**YOUR OBJECTIVE:** Extract each line of the records below that contains the word "online".

**INFORMATION SUPPLIED:**
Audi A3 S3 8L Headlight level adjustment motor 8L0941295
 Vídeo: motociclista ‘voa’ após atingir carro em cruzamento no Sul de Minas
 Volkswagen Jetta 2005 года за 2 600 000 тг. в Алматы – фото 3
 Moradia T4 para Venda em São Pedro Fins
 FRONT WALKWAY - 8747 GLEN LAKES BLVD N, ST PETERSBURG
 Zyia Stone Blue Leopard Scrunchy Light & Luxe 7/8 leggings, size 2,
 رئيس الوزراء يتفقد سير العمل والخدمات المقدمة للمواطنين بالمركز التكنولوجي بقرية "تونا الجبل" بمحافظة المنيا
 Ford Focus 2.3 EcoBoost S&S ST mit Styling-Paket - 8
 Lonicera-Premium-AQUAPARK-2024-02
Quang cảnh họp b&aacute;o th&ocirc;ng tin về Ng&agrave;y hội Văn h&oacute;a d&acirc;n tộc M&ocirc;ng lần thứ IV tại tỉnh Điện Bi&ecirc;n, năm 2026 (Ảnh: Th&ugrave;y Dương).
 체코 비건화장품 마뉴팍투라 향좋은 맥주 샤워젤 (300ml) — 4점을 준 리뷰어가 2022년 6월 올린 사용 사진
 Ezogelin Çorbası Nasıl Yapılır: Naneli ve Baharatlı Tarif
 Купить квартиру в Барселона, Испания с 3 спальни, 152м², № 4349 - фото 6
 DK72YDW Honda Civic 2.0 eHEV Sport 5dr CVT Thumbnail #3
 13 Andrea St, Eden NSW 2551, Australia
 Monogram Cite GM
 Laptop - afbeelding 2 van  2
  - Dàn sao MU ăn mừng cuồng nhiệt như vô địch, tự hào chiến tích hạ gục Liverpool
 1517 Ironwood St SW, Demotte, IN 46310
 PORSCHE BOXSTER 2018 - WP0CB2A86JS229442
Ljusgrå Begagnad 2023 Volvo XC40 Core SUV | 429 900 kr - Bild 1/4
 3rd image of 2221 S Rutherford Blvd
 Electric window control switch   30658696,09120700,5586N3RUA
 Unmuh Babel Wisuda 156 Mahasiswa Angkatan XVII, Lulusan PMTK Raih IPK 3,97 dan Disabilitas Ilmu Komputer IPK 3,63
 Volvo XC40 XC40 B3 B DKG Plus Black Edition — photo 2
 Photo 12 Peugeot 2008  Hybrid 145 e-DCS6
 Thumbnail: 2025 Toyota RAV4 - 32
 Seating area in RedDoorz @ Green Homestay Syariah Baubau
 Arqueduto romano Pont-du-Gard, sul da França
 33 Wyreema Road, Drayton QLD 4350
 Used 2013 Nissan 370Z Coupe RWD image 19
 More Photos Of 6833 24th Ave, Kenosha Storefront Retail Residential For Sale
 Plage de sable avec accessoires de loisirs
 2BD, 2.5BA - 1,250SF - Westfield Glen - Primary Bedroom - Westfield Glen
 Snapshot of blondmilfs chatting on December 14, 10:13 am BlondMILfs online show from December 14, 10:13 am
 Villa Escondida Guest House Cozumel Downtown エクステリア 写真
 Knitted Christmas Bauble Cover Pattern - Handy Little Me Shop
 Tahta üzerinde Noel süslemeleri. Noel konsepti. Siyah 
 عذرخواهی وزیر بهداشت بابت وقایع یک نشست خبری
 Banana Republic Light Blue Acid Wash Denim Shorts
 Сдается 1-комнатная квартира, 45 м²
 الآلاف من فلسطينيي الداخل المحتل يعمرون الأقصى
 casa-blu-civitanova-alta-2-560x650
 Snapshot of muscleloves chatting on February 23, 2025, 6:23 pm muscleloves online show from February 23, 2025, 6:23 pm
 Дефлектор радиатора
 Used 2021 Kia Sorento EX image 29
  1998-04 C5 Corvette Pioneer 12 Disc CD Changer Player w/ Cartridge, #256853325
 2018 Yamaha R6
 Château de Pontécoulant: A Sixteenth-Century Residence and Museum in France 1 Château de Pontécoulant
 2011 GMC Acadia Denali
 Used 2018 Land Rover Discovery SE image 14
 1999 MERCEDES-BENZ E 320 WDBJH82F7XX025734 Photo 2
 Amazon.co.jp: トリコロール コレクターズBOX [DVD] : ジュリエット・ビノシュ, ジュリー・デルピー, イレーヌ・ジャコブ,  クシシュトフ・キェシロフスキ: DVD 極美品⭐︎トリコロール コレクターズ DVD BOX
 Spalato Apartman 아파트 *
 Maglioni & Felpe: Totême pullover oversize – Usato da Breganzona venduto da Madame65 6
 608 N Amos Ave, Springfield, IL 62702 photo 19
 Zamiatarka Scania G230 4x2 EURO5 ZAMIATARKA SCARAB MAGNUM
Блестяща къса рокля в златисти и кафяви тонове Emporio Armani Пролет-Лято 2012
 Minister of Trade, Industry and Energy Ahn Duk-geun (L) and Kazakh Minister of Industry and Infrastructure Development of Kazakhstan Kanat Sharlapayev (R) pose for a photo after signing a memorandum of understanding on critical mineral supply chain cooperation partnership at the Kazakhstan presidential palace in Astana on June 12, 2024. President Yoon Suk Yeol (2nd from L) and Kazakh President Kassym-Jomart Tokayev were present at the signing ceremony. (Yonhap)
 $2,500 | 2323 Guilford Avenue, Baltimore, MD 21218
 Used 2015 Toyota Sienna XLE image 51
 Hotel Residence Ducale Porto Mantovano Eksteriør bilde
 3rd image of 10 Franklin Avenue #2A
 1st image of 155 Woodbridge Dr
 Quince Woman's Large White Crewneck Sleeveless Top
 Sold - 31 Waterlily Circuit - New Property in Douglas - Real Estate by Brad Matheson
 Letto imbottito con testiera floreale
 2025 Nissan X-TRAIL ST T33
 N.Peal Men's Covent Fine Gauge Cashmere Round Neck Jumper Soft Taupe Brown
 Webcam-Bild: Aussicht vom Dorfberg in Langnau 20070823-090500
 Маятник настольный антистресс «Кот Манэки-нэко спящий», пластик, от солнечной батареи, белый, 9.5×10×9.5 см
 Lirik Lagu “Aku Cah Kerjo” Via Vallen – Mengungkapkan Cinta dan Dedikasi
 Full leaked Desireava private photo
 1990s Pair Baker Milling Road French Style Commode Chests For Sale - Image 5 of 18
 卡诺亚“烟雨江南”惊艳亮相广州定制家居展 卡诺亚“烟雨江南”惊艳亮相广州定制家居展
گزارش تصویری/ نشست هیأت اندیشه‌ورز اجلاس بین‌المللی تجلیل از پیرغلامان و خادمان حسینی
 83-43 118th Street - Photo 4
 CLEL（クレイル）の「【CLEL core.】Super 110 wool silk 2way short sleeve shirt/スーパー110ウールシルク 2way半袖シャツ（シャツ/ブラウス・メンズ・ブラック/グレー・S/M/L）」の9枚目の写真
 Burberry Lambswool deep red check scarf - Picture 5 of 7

**RESPONSE TO THIS TASK:**
 Snapshot of blondmilfs chatting on December 14, 10:13 am BlondMILfs online show from December 14, 10:13 am
 Snapshot of muscleloves chatting on February 23, 2025, 6:23 pm muscleloves online show from February 23, 2025, 6:23 pm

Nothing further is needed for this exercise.